Spese potatura e manutenzione alberi a carico di tutti se sono piante funzionali al decoro dell’intero edificio

Un condominio è circondato al primo piano da terrazze/giardino di proprietà esclusiva che fungono da copertura, in parte dei box sottostanti e in parte delle corsie di manovra.

Per la gestione dei giardini, il regolamento contrattuale recita: «I giardini privati di proprietà dei singoli condòmini costituiscono un elemento importante dell’immagine della casa ed in analogia alle altre parti esterne dei fabbricati devono sottostare a regole generali di condominio essi dovranno essere tenuti a piante e fiori e a prato verde con l’obbligo di curare anche le piante d’alto fusto in essi esistenti collocate dal costruttore; non sono pertanto ammessi impianti di nuovi alberi di alto fusto».

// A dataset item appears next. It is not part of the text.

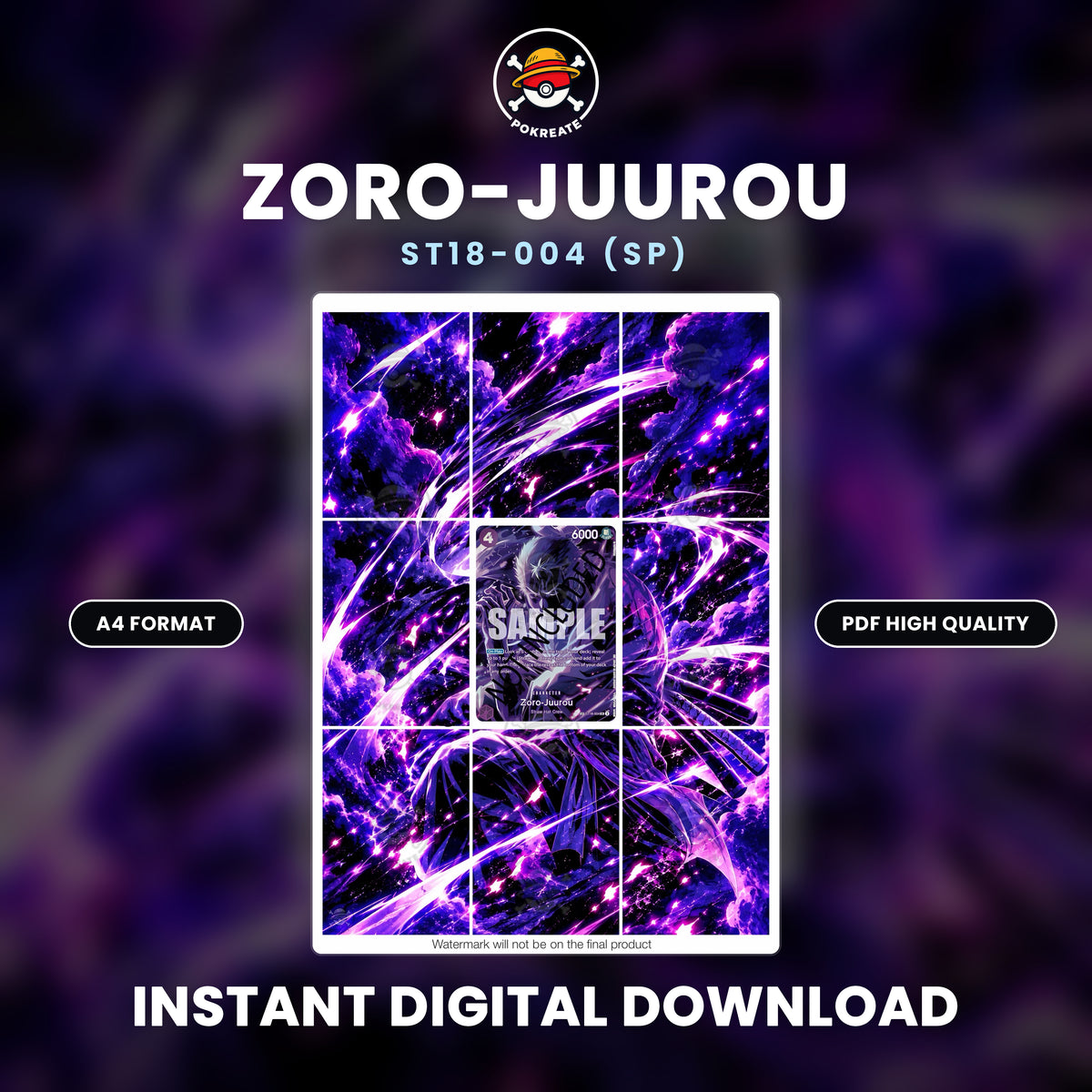 Printable Extended Art • One Piece • Zoro SP ST18-004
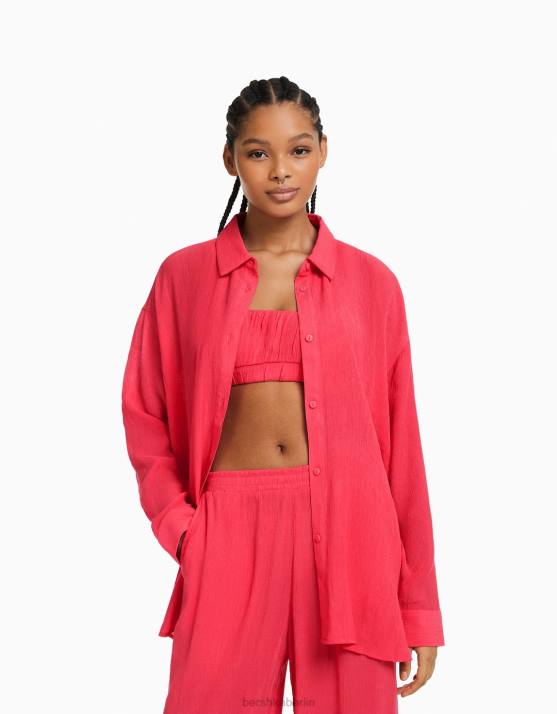 Koralle Bershka Frauen Langärmliges, übergroßes Krepphemd H00J919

Le piante sono a dimora sullo strato di terreno posto sul massetto di protezione del doppio strato di guaina bituminosa che impermeabilizza la soletta. Le radici delle piante sono riuscite ad ostruire la tubazione, collegate alle pluviali, formando all’interno del tubo una matassa di radici sottilissime. È stato necessario uno scavo e la posa di un nuovo pozzetto per sostituire il tratto di tubo interrato, posato sopra al massetto. Il proprietario del giardino è responsabile del danno causato dalle radici delle piante? Le spese dei lavori di ripristino devono essere ripartite esclusivamente al proprietario del giardino? Il proprietario del giardino deve eseguire, a sua cura e spese, le opere necessarie per impedire il ripetersi del danno?

Secondo la Cassazione, le spese di potatura, ma anche di manutenzione di alberi situati in un giardino privato al servizio di un’abitazione in condominio vanno sostenute da tutti i condòmini, allorché si tratti di piante funzionali al decoro dell’intero edificio (tra le tante, Cassazione 22573 del 2020).

A tal riguardo è stato argomentato che le piante di alto fusto possano formare oggetto, ad un tempo, di proprietà esclusiva e di comunione, fornendo utilità differenziate al proprietario del suolo e, ad un tempo, ai titolari delle unità immobiliari dell’edificio condominiale, in quanto componenti essenziali del decoro architettonico del fabbricato; ciò giustifica l’obbligo di contribuzione dei partecipanti al condominio alle spese di potatura.

Il fondamento della partecipazione agli oneri condominiali, ai sensi degli articoli 1123 e seguenti Codice civile, non è infatti necessariamente correlato alla contitolarità della res, spesso piuttosto derivando dalla utilitas che essa arreca alle singole unità immobiliari, indipendentemente dal regime di proprietà. Ritenuto l’anzidetto, si ritiene che le spese di manutenzione, dirette e indirette (cioè anche quelle volte a prevenire il ripetersi del danno), a cui si fa riferimento nella domanda devono essere sostenute da tutti i condòmini, anche in ragione della previsione regolamentare che ascrive il valore del giardino privato all’utilità collettiva.